Kabasubabo Francis K.1,Faye Cheikh2,Wado Yohannes D.2,Akilimali Pierre Z.3

Affiliation:

1. Patrick Kayembe Research Center

2. African Population and Health Research Center

3. University of Kinshasa

Abstract

Abstract

Urbanization is rapidly increasing worldwide, with slum settlements emerging as a significant concern, particularly in low- and middle-income countries like the Democratic Republic of Congo. This study examines contraceptive use and unintended pregnancies among women residing in slum and non-slum areas of Kinshasa between 2014 and 2020. We analyzed data from the Performance Monitoring for Action survey conducted between 2014 and 2020, encompassing 19,568 women. Logistic regression, adjusted for socio-demographic factors, was used to assess the association between residence type (slum vs. non-slum) and contraceptive use as well as unintended pregnancies. Results indicate a rise in contraceptive prevalence in Kinshasa from 2014 to 2020, with slum areas consistently exhibiting higher prevalence rates compared to non-slum areas. Long-term contraceptive method prevalence increased from 4% to 8% in slum areas, contrasting with the stable rate of approximately 3% in non-slum areas over the same period. Although there was a decline in unintended pregnancy prevalence in slum areas in recent years, rates remain elevated compared to non-slum areas. In bivariate analysis, women residing in slum areas were twice as likely to report unintended pregnancies compared to those in non-slum areas (OR: 2.33; 95% CI; 2.008 – 2.698).
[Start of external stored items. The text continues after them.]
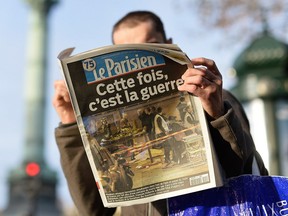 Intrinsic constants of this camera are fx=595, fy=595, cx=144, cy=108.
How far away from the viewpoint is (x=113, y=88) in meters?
1.72

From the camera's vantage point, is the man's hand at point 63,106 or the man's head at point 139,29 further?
the man's head at point 139,29

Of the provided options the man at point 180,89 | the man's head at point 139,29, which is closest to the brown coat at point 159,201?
the man at point 180,89

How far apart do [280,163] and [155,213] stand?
16.1ft

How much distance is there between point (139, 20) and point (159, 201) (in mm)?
777

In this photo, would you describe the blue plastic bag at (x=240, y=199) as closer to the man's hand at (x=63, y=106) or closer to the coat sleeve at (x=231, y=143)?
the coat sleeve at (x=231, y=143)

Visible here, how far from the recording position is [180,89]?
5.54ft

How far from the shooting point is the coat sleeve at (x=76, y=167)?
200 cm

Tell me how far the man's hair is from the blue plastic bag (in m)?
0.79

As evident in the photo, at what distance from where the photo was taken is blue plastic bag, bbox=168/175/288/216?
5.47ft

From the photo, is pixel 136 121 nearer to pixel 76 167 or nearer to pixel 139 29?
pixel 76 167

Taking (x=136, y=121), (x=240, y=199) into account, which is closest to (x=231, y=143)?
(x=240, y=199)

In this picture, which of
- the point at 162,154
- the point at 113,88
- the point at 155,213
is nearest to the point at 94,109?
the point at 113,88

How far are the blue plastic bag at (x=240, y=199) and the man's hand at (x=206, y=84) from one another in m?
0.21

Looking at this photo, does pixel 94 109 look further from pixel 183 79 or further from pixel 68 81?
pixel 183 79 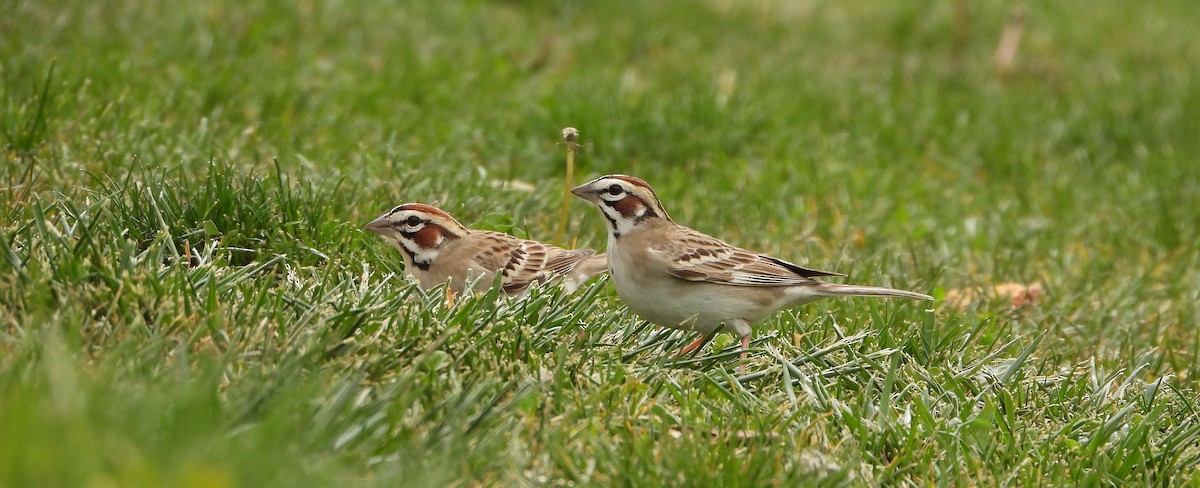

However, after adjusting for socio-demographic characteristics, residence type (slum vs. non-slum) did not significantly influence the occurrence of unintended pregnancies. These findings underscore the persistent challenges faced by women in slum areas regarding unintended pregnancies, despite improvements in contraceptive prevalence. Addressing these disparities requires targeted interventions tailored to the specific needs of urban populations, particularly those residing in slum settlements.

Publisher

Springer Science and Business Media LLC

Reference27 articles.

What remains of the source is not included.